* _WHAT YOU HAVE TO DO_
Below this line is a set of entries; quote exactly the lines from the line that contains "54 Evelyn Drive, Naugatuck, CT" to the line that contains "Audi A4 2018 года с пробегом. Фото: #9", both lines included.

* _Dataset excerpts_
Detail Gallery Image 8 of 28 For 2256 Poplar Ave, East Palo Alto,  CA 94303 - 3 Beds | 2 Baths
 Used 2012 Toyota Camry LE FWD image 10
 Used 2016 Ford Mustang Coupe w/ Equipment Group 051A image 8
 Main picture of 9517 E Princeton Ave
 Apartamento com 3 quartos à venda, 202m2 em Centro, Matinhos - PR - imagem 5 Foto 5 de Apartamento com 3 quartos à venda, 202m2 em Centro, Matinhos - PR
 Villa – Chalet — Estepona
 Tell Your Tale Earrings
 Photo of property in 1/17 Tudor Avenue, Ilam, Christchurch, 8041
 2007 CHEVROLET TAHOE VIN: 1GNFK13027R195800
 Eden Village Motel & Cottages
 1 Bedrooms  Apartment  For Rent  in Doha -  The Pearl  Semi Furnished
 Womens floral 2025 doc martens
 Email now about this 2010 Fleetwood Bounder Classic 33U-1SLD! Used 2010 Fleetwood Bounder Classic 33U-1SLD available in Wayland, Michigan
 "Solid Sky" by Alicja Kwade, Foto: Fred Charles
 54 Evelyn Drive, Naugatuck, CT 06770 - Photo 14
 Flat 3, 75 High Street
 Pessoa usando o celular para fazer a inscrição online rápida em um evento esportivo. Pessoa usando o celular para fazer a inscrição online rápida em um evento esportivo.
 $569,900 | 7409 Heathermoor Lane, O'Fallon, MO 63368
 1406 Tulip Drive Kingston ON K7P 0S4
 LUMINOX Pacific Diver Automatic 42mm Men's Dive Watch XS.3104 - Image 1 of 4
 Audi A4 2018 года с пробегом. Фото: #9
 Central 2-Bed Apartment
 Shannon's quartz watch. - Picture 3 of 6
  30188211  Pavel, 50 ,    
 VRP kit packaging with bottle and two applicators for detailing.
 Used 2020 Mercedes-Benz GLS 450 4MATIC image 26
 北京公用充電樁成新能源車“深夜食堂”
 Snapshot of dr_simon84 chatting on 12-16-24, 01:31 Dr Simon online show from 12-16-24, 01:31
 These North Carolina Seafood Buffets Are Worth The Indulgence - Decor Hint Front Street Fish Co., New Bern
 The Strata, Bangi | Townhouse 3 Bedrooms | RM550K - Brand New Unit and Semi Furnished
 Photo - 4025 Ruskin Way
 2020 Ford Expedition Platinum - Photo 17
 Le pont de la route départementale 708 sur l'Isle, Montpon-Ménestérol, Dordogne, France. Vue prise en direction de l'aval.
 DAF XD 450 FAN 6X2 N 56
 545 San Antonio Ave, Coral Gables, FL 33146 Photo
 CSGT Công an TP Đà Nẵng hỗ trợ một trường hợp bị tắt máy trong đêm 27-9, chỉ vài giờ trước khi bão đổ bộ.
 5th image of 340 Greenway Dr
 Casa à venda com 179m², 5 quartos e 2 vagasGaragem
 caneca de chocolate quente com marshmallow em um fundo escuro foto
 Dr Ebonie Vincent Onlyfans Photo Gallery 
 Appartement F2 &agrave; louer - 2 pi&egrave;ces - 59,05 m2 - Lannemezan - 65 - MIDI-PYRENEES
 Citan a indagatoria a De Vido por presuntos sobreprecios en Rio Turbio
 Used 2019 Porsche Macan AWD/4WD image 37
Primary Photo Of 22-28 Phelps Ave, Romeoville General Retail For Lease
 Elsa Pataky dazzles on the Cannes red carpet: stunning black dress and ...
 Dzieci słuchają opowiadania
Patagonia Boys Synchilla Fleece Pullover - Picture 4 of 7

* _ANSWER TO THE EXERCISE_
 54 Evelyn Drive, Naugatuck, CT 06770 - Photo 14
 Flat 3, 75 High Street
 Pessoa usando o celular para fazer a inscrição online rápida em um evento esportivo. Pessoa usando o celular para fazer a inscrição online rápida em um evento esportivo.
 $569,900 | 7409 Heathermoor Lane, O'Fallon, MO 63368
 1406 Tulip Drive Kingston ON K7P 0S4
 LUMINOX Pacific Diver Automatic 42mm Men's Dive Watch XS.3104 - Image 1 of 4
 Audi A4 2018 года с пробегом. Фото: #9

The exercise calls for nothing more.